- _Assignment_
From the entries that follow, pick out all lines holding "with".

• • • •

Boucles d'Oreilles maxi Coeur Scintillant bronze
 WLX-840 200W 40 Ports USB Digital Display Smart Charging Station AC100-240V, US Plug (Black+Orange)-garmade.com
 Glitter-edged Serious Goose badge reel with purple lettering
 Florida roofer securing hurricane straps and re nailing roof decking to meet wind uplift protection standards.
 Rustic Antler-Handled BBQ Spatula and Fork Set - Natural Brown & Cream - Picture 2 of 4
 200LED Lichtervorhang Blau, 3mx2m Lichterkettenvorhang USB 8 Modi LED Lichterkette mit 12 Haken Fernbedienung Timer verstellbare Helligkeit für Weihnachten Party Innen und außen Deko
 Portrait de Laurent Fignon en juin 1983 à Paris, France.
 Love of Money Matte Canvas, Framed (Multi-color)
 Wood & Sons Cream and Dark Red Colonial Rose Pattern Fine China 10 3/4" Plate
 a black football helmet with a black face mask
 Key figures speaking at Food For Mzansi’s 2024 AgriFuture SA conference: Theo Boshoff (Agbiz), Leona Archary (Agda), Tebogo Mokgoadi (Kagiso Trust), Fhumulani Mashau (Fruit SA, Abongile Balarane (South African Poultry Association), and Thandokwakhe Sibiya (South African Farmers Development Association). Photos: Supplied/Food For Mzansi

• • • •

- _Solution_
 Glitter-edged Serious Goose badge reel with purple lettering
 a black football helmet with a black face mask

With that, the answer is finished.